## What is needed
Everything from the line with "上海六月十日疫情新增 → 6月11日上海新增新冠" down to the line with "华润电力公布2024年中期业绩" below must be printed exactly, those two lines included. Exclude pictures.

## Entries shown
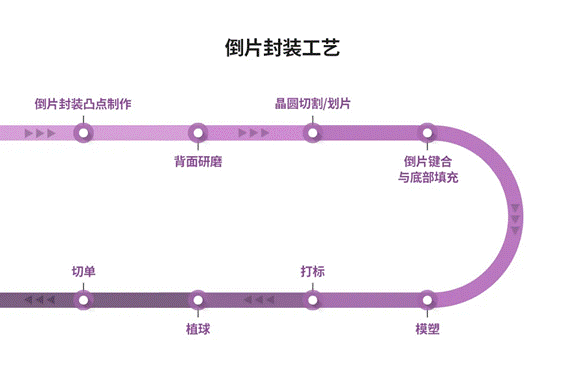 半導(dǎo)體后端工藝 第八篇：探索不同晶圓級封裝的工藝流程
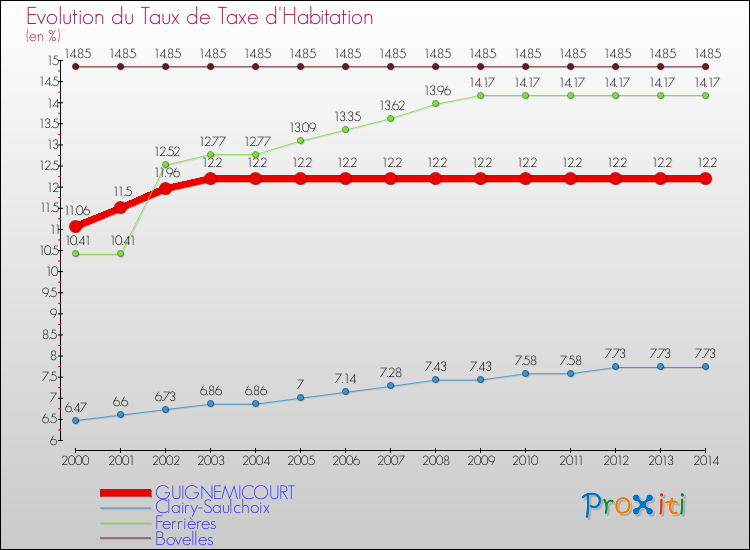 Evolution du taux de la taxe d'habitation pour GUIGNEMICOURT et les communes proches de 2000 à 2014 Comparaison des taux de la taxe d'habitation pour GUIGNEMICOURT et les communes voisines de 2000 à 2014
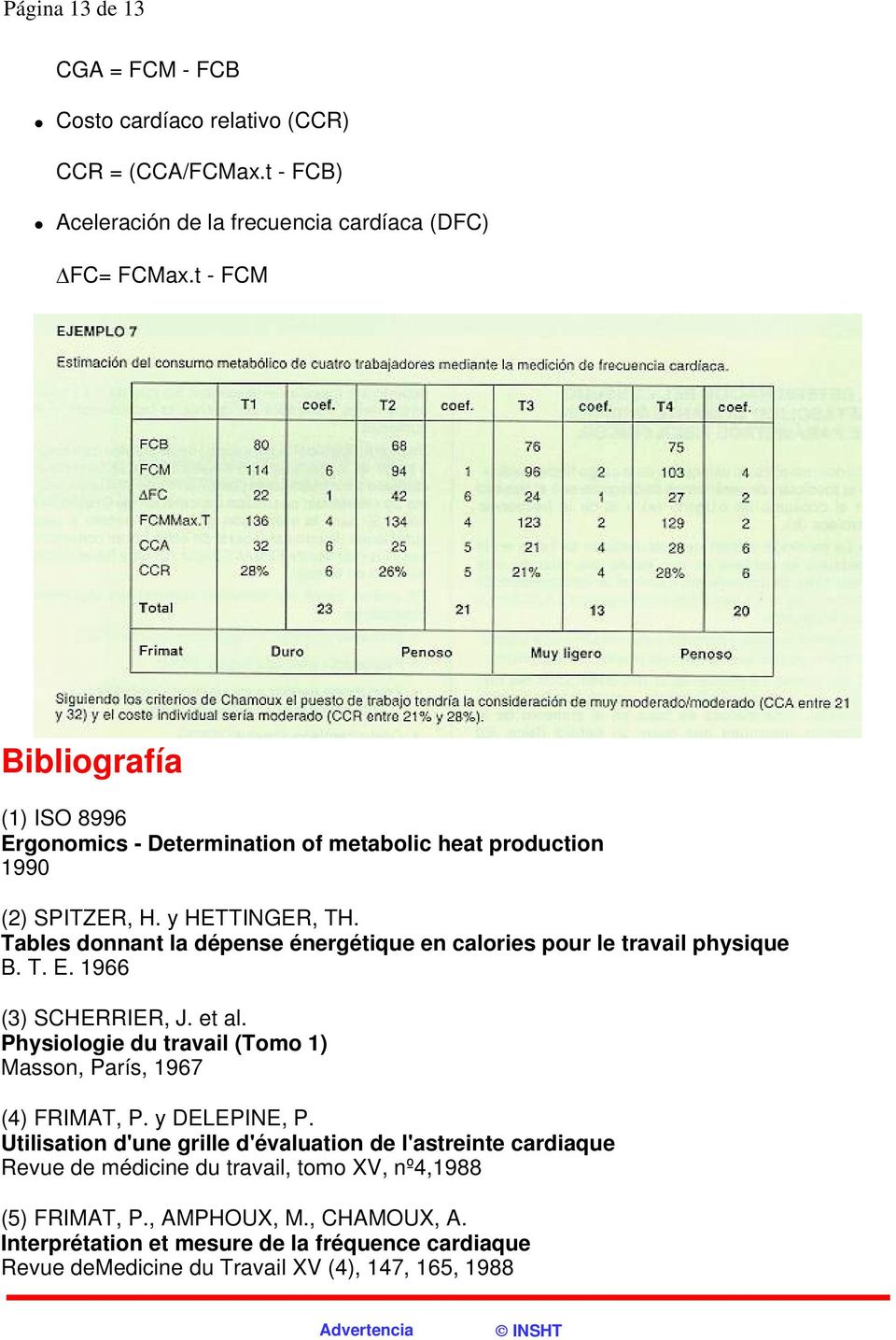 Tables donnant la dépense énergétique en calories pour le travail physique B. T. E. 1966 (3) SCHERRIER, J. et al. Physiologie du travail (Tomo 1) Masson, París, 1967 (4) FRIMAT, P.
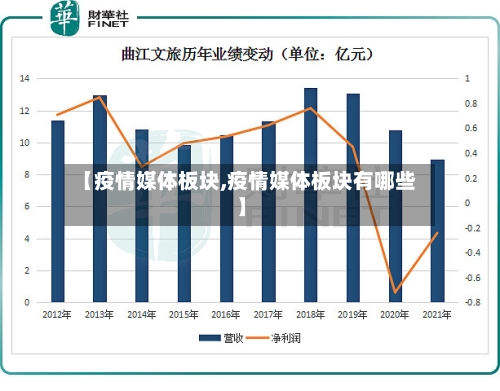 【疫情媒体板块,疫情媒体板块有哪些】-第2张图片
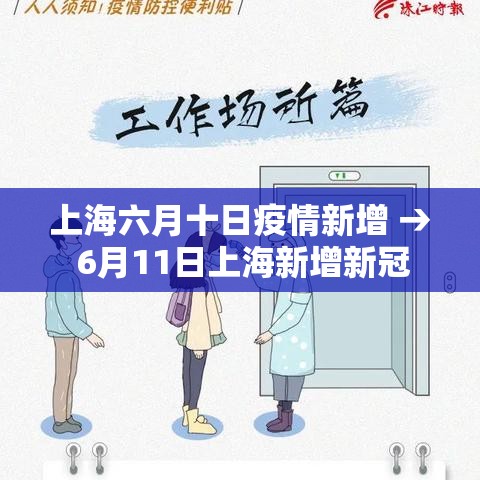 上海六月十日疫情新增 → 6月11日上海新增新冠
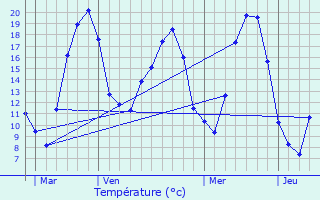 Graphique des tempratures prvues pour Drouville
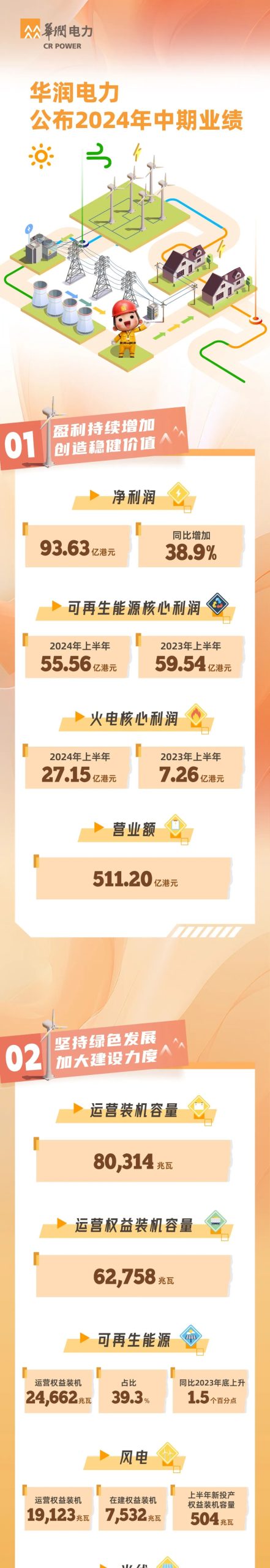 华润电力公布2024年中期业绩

--

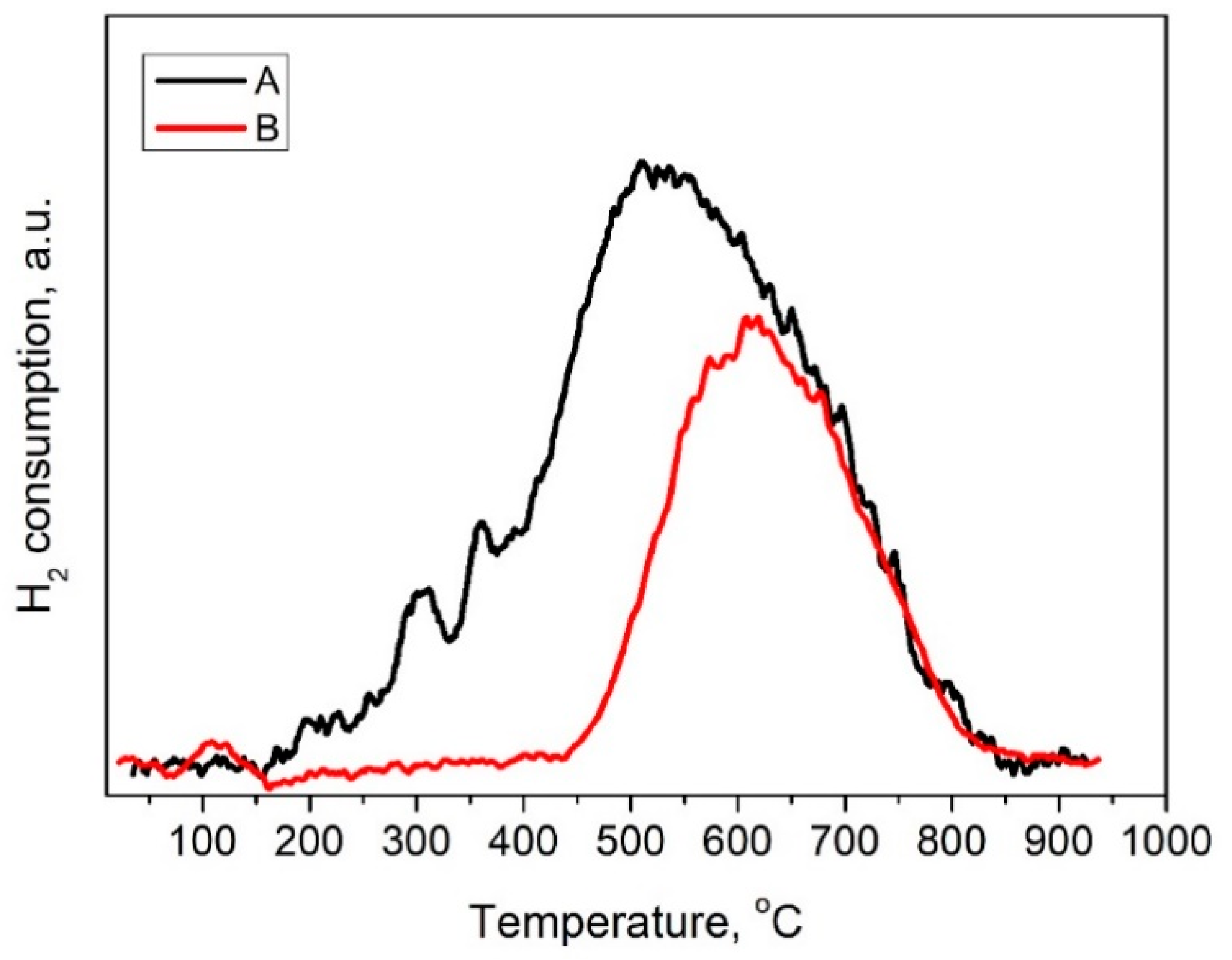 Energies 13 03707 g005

--

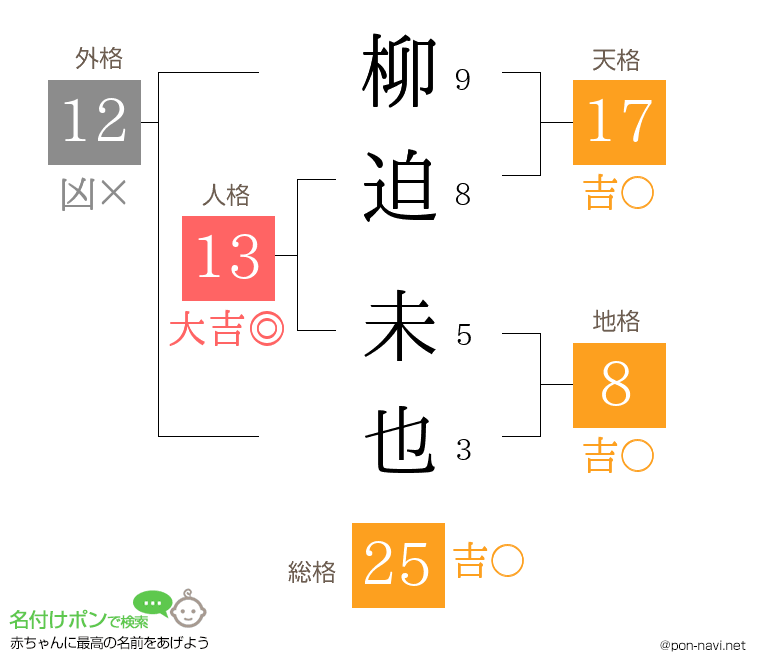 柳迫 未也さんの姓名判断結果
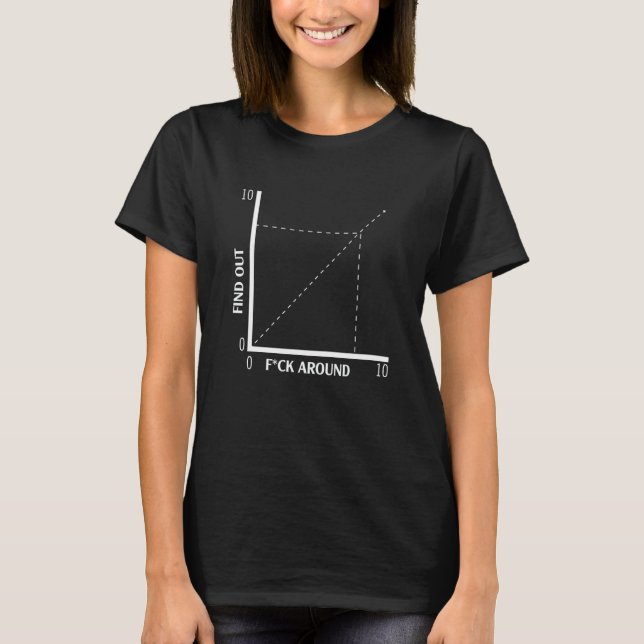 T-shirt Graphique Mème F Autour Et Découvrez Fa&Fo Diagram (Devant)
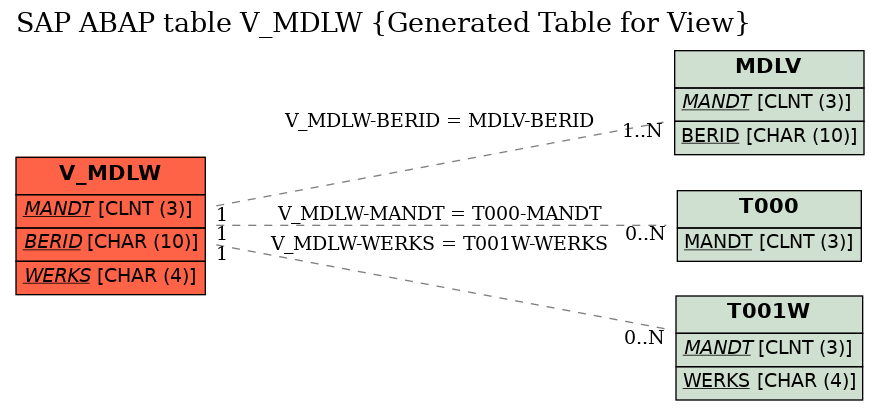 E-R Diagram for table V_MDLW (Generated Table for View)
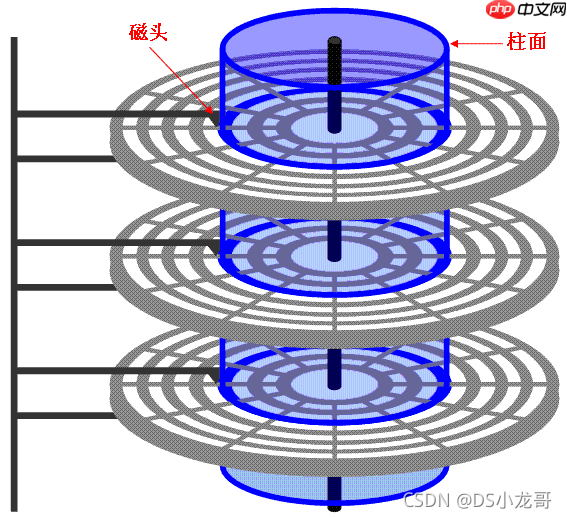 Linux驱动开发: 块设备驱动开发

## Task answer
 上海六月十日疫情新增 → 6月11日上海新增新冠
 Graphique des tempratures prvues pour Drouville
 华润电力公布2024年中期业绩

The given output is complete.